** Work instructions **
Leave out the images and repeat the listing below without a single change.

** Information shown **
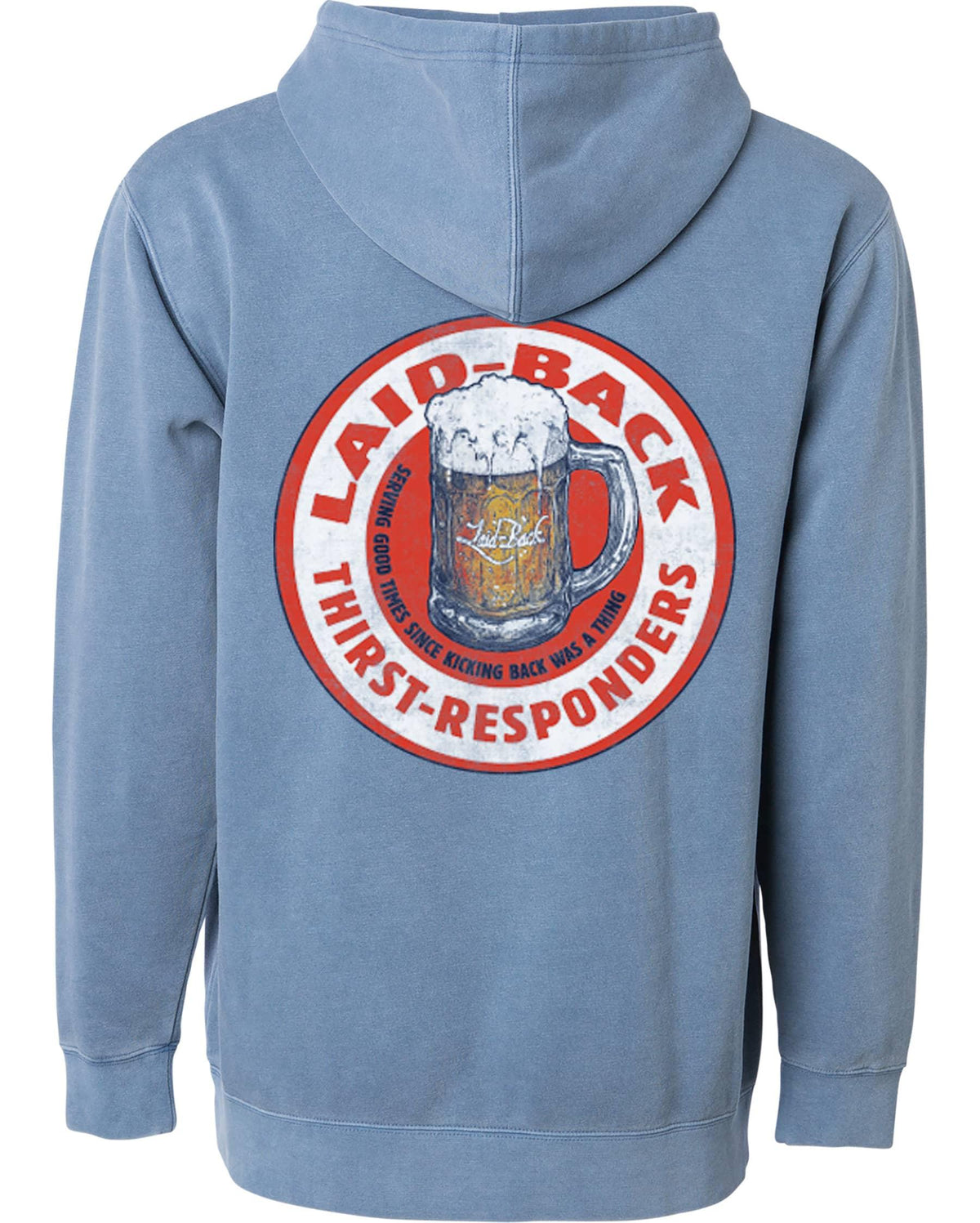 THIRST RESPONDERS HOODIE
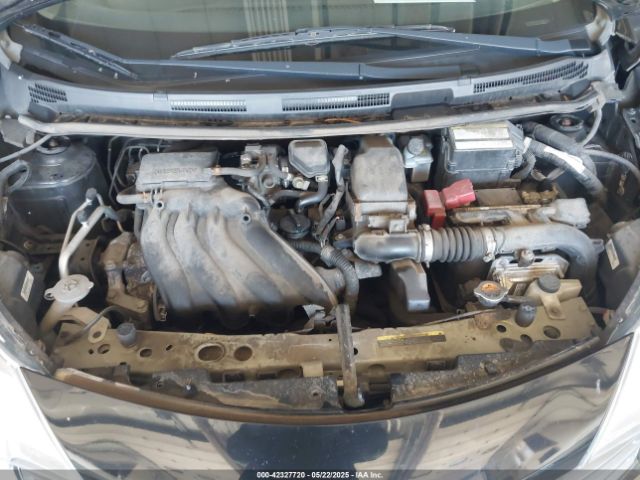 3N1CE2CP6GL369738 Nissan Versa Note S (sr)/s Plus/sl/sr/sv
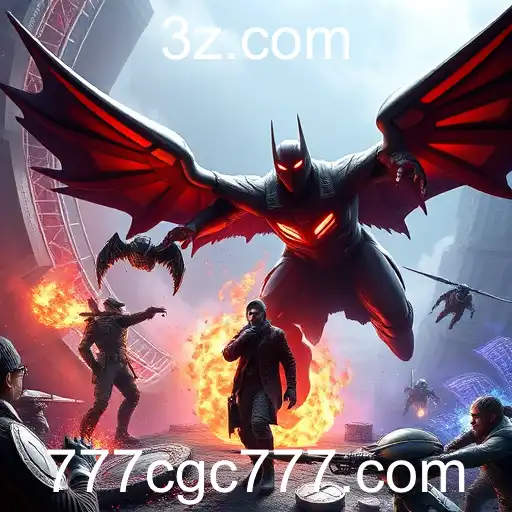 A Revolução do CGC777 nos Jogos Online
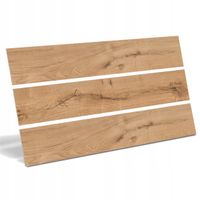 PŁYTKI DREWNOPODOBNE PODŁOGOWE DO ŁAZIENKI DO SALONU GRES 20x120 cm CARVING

** Solution for this task **
 THIRST RESPONDERS HOODIE
 3N1CE2CP6GL369738 Nissan Versa Note S (sr)/s Plus/sl/sr/sv
 A Revolução do CGC777 nos Jogos Online
 PŁYTKI DREWNOPODOBNE PODŁOGOWE DO ŁAZIENKI DO SALONU GRES 20x120 cm CARVING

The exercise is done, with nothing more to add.